## To do
Below are the records; output them exactly from the first line through the line with "Preview: Scenic view", stopping there.

## Material for this task
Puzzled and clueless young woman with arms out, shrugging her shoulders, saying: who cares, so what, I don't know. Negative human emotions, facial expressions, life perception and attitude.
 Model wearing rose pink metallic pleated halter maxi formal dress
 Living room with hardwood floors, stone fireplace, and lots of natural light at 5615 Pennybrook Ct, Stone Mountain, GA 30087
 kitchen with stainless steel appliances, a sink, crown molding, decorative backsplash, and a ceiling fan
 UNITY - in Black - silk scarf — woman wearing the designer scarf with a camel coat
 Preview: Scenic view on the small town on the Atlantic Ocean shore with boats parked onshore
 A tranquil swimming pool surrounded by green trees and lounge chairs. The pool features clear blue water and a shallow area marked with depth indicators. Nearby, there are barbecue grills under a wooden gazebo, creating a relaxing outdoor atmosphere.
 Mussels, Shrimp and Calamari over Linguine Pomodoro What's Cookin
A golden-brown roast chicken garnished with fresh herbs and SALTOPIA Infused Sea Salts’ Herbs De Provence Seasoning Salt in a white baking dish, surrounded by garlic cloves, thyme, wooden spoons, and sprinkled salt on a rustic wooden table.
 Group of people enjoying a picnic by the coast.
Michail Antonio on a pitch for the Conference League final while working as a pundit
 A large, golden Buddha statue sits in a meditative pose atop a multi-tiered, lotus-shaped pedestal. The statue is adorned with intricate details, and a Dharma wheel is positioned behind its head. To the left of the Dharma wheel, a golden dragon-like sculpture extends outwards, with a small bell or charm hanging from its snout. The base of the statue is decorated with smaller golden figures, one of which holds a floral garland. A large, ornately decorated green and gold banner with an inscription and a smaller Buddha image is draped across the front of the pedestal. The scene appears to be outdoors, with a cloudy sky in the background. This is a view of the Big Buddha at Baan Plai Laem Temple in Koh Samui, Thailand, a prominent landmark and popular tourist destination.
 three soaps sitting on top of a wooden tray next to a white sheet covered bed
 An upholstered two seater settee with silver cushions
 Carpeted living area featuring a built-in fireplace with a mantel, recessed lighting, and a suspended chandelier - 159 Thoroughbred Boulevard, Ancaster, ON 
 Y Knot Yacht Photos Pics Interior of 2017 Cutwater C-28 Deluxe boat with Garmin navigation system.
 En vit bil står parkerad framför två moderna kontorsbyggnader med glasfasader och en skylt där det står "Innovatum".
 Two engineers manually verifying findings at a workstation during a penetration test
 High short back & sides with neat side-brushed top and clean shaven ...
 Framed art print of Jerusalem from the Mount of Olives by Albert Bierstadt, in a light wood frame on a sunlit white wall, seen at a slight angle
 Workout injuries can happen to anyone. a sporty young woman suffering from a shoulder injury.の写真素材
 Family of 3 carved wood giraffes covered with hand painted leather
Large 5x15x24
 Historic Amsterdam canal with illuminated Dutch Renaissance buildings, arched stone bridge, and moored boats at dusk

## Response to the exercise
Puzzled and clueless young woman with arms out, shrugging her shoulders, saying: who cares, so what, I don't know. Negative human emotions, facial expressions, life perception and attitude.
 Model wearing rose pink metallic pleated halter maxi formal dress
 Living room with hardwood floors, stone fireplace, and lots of natural light at 5615 Pennybrook Ct, Stone Mountain, GA 30087
 kitchen with stainless steel appliances, a sink, crown molding, decorative backsplash, and a ceiling fan
 UNITY - in Black - silk scarf — woman wearing the designer scarf with a camel coat
 Preview: Scenic view on the small town on the Atlantic Ocean shore with boats parked onshore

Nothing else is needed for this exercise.